Copper is an important mineral in cattle diets. Deficiencies of Cu have been linked to rough haircoat, similar to that reported on cattle grazing E+, and to reduced immune responses. Saker et al. (1998) reported lower plasma or serum Cu in steers grazing E+ tall fescue than in those grazing E- tall fescue. They also found that cattle grazing E+ tall fescue had compromised immune function when compared with those grazing E- tall fescue. Dennis et al. (1998) found that Cu concentrations were higher in E- than in E+ tall fescues and increased linearly in response to N fertilization. These lower Cu concentrations possibly could have contributed to lowered Cu status in animals. Steers grazing E+ tall fescue had a serum Cu level below the generally accepted norm for cattle, but steers grazing E- tall fescue had serum Cu at the commonly accepted level (Oliver et al., 2000). Fisher et al. (2003) found that Cu was marginally deficient in nearly all of the 800 tall fescue pasture samples collected over a 3-yr period. In addition, the S level in many of these samples was high enough to cause concern that S would act as an antagonist to Cu utilization. Based on these results, many of the mineral supplements in the tall fescue growing region have been reformulated to contain more Cu than before. Nevertheless, supplementation with newly formulated Cu levels has not consistently improved haircoats of cattle grazing E+ tall fescue.

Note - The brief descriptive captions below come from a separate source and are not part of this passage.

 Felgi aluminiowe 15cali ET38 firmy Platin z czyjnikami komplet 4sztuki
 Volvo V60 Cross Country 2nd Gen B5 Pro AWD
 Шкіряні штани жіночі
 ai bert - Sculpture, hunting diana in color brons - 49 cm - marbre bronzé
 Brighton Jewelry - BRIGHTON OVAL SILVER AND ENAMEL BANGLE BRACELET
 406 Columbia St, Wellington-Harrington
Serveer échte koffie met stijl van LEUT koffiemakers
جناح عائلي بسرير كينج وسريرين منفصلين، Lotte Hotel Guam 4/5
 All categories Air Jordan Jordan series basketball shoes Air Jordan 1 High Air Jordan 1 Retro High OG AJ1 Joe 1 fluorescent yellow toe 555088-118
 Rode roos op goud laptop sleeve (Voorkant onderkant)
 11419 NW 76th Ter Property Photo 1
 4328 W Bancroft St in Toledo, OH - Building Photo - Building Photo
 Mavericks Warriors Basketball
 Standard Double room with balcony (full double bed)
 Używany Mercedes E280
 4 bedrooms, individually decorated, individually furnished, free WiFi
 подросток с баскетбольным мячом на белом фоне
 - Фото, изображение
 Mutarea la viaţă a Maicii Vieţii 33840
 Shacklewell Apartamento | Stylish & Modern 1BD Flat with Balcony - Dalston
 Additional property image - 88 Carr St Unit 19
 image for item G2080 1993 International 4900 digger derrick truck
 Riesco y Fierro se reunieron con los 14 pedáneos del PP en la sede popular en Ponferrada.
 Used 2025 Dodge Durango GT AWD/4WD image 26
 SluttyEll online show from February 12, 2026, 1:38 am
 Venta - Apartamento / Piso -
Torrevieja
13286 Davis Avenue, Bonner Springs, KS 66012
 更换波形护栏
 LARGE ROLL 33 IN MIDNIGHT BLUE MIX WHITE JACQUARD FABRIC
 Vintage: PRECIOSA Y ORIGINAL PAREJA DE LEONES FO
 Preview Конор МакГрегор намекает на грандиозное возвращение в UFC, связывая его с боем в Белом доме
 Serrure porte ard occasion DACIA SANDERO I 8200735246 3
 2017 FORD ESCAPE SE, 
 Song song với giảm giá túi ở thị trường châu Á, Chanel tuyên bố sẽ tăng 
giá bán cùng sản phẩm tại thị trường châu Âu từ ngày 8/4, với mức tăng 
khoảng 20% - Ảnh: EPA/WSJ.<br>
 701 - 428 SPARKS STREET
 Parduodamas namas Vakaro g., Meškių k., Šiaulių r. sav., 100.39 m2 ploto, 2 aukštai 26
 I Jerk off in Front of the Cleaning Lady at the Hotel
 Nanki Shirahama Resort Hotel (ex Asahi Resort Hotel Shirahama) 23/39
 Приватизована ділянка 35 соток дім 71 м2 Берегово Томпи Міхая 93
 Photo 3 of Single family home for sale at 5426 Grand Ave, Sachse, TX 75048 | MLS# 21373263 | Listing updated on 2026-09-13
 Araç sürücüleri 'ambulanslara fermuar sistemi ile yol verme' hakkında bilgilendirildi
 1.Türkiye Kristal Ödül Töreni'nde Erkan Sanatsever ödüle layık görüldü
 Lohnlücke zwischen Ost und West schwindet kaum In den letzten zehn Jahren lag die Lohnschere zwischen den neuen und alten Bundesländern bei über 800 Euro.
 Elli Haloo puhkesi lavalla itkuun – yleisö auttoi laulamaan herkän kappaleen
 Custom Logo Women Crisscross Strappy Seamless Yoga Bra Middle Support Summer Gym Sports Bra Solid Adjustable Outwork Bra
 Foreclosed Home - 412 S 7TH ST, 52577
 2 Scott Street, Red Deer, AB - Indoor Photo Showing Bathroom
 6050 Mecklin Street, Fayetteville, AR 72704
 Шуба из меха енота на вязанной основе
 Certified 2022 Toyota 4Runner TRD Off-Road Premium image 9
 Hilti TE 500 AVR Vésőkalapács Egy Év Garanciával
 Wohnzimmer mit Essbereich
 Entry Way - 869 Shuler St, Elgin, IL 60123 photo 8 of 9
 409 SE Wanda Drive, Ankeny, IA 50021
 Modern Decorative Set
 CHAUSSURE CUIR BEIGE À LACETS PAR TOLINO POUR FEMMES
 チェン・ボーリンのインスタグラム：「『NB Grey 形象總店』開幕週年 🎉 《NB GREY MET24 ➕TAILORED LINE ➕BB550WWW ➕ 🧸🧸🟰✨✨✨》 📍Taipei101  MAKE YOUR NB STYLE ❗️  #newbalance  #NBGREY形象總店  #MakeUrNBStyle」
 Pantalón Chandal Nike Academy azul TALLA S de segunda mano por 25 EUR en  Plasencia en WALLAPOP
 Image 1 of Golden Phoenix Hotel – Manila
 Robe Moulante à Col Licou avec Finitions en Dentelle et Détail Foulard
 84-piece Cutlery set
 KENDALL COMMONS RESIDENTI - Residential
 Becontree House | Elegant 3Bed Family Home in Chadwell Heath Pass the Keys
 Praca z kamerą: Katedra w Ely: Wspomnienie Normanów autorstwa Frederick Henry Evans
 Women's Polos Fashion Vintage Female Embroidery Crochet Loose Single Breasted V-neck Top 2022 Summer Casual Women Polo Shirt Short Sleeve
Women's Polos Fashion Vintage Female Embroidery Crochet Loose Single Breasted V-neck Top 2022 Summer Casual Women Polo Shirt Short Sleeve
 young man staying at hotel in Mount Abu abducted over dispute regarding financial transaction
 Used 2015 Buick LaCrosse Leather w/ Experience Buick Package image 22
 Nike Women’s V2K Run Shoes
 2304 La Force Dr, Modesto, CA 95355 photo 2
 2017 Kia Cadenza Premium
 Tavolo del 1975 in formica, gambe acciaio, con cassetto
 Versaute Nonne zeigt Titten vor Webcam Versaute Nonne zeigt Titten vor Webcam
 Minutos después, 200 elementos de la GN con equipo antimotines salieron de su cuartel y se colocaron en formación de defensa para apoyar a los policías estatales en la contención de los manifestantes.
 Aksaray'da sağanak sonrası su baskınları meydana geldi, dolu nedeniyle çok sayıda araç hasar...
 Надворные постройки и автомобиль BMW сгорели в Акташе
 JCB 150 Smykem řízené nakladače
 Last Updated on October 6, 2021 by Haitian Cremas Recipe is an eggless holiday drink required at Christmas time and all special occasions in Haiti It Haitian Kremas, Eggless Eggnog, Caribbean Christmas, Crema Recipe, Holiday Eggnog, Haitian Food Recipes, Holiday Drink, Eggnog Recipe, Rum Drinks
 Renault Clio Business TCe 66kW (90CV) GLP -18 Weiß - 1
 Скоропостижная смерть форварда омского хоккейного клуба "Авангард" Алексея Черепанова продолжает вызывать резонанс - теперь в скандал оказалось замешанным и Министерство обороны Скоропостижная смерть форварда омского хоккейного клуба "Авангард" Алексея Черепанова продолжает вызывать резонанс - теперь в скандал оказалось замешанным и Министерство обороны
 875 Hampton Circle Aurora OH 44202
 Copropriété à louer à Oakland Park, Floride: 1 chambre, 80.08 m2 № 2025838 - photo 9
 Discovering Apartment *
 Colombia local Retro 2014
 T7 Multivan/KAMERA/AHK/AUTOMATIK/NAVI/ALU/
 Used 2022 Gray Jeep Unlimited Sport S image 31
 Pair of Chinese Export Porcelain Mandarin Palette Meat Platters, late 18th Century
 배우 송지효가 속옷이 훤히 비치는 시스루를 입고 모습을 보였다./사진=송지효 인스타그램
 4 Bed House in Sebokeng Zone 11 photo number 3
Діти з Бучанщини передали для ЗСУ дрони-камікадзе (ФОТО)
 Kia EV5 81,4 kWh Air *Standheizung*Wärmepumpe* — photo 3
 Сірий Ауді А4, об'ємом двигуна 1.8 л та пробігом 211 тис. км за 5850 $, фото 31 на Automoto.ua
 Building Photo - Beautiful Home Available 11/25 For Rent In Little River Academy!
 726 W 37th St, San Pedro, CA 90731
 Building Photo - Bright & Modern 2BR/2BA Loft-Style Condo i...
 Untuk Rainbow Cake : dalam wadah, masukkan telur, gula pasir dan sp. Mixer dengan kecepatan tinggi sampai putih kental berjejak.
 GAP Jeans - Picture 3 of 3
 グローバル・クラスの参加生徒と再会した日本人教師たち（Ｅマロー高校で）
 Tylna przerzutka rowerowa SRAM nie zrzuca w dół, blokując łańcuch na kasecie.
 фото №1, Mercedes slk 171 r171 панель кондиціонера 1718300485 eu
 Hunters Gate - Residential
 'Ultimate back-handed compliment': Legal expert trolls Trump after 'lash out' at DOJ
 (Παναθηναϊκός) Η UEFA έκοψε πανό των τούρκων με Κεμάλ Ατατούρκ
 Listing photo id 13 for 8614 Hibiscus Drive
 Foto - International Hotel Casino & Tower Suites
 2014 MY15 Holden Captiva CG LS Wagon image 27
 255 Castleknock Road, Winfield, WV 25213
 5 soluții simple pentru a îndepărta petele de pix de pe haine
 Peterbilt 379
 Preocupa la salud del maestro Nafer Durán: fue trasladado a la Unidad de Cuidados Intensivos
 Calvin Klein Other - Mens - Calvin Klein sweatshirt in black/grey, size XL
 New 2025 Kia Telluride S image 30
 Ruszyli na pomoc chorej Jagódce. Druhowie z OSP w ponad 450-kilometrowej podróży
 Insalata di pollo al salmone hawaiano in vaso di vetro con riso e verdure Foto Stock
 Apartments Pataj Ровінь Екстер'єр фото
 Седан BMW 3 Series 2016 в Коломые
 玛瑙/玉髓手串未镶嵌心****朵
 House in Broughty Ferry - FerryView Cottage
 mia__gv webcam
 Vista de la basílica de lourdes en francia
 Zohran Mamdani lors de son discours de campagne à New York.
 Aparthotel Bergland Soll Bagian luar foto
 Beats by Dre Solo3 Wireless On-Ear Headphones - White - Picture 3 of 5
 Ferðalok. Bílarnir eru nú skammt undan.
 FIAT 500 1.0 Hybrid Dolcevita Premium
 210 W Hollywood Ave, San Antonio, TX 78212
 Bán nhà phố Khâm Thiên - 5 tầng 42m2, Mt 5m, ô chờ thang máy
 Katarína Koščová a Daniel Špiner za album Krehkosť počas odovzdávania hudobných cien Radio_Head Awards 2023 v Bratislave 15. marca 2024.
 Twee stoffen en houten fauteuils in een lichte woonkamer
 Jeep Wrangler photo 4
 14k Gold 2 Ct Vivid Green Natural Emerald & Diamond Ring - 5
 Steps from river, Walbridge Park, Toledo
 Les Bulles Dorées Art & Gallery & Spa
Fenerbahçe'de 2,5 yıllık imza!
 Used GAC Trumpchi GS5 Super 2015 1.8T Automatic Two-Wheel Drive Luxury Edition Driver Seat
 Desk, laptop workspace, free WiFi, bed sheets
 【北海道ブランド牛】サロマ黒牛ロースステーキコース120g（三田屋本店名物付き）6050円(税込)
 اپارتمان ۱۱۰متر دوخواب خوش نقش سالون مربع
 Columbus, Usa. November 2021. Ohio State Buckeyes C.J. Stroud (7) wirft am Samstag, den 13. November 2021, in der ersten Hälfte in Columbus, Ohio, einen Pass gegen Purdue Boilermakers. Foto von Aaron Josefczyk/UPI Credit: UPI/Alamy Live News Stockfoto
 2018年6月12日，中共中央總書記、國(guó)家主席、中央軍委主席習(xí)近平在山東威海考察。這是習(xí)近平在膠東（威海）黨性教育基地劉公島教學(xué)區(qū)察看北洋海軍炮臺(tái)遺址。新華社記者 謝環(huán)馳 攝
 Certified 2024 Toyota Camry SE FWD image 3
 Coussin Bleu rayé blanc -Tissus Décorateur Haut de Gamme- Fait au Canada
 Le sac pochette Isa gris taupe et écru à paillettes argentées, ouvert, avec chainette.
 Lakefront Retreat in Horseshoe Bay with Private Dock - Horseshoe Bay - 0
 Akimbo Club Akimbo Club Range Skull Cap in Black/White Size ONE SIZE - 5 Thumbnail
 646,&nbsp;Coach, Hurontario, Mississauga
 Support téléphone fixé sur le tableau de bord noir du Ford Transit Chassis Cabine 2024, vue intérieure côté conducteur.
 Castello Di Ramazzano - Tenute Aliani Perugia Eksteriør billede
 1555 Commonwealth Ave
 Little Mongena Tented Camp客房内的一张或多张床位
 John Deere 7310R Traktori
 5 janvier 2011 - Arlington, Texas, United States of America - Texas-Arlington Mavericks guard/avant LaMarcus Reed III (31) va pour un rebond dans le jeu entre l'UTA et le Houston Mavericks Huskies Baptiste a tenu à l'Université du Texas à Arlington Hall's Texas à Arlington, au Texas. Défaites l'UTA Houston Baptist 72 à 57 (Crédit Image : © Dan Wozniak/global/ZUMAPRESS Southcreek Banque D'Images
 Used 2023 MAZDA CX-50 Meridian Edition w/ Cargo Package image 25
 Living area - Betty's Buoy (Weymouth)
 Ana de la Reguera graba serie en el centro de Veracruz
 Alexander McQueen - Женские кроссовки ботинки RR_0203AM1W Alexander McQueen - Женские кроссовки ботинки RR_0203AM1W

Jones et al. (2003) treated heifers consuming a diet of E+ tall fescue with domperidone to determine whether the effects would be similar to the beneficial responses obtained in horses (see Chapter 17). Studies evaluating gene expression of luteal tissue of heifers fed E+ tall fescue diets indicated that domperidone may be beneficial in treating reproductive problems in cattle (Jones et al., 2004).

Supplementing cattle grazing E+ tall fescue pastures with glucomannans, a yeast cell wall component that has absorptive capability, has been inconsistent in alleviating the signs of fescue toxicosis. Ely et al. (2004) reported improved animal performance when cattle grazing E+ tall fescue were supplemented with a modified glucomannan (FEB-200). However, even though Mills (2007) reported no improvement in animal performance when a similar glucomannan (MTB-100) was fed to grazing steers and heifers in a 2-yr study, Merrill et al. (2007) found that the same product alleviated prolactin depression and improved performance.

A seaweed [Ascophyllum nodosum (L.) Le Jolis] has been investigated as a product to alleviate some of the negative effects of tall fescue toxicosis on cattle (Allen et al., 2001; Fike et al., 2001; Montgomery et al., 2001; Saker et al., 2001). Feeding A. nodosum to cattle before grazing E+ tall fescue reduced core temperature during heat stress and therefore may have helped performance (Spiers et al., 2004). Reduction in hyperthermia associated with fescue toxicosis was reduced in cattle fed A. nodosum under increased heat stress (Spiers et al., 2004). The mode of action of seaweed in cattle nutrition has not been determined yet, although some interest remains in its use.